While I was making arrangements for our wedding the Captain had the more difficult task of collecting paperwork and planning the honeymoon. I’m grateful that he put in a lot of time and effort in planning our big day. I honestly could not have done it myself.
Once we landed at Fiumicino Airport and collected our belongings at baggage claim we were on our way to the hotel. It was quite a drive to the city but the landscape was beautiful. Soon we were in the very heart of Rome; staring out the window at the marvelous architecture replenished me, and I was ready to go out and explore.
When we arrived at the Hotel Raphael with it’s magnificent ivied facade I was immediately impressed. Its interior was decorated with sculptures, artifacts, a collection of ceramics by Picasso, paintings, and even Mayan art. We arrived earlier than expected and had to wait a few minutes before the hotel staff could check us in. They served the most delicious cup of cappuccino I have ever tasted so I didn’t mind the wait.
The rest of the day was spent wandering around the streets and taking pictures. I had a great time hanging out with the Captain and my friend M, who happened to know her way around Rome and parts of Italy after studying there for some time. We stopped by for some gelato and had dinner at a restaurant where I ordered carbonara. While the Captain’s parents were already in town, M’s and mine weren’t. My parents were scheduled to land the following day while M’s the day after and so were our other guests. Besides, the usual wedding related stress I was also worried about Eyjafjallajökull, the Icelandic volcano that erupted last year (less than a month before our wedding) and wreaked havoc on air travel. Although the Captain and I had plane tickets to Rome, for two weeks I was worried that the ash from the volcano would prevent us from traveling. Luckily, we made it just days before the big day, but were still anxious about our guests who were flying in from all over the United States.
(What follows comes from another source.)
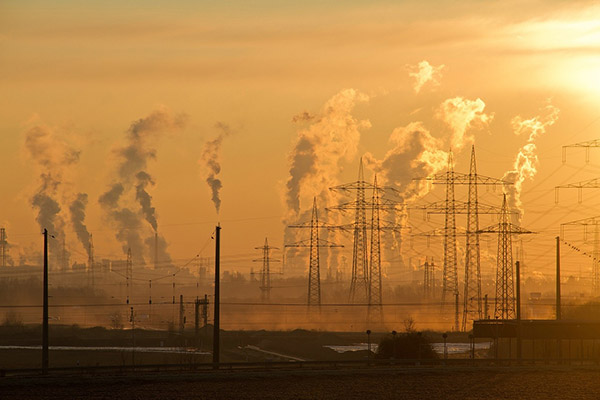 Contaminación urbana golpea al corazón en silencio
The Captain and I still had a lot of work to do before our actual wedding date could be finalized. We had to go to the United States Embassy in Rome to obtain a Nulla Osta and to meet with the parish priest at Santa Susanna who would be performing our ceremony. We didn’t realize that the United States Embassy in Rome was only open a few days and were fortunate to be in town on the last day before it closed up for the week. Also, on our list was a meeting with the staff at the rooftop restaurant where we were having the reception, the photographer, and the florist.
After dinner we walked to the Vatican where the Captain and I caught a glimpse of Saint Peter’s Basilica for the very first time. To stand amongst the pillars and columns that had guarded the bedrock of Christendom for centuries was simply incredible. I can’t even begin to describe the feelings it elicited in me. As we got closer to this, the holiest of Catholic sites and the place where I was going to enter into the sacrament of marriage with the love of my life, all of my worries disappeared. There, staring up at Michelangelo’s dome and surrounded by the work of countless masters, I truly felt as one with the eternal city. In that moment I was the happiest girl in the world.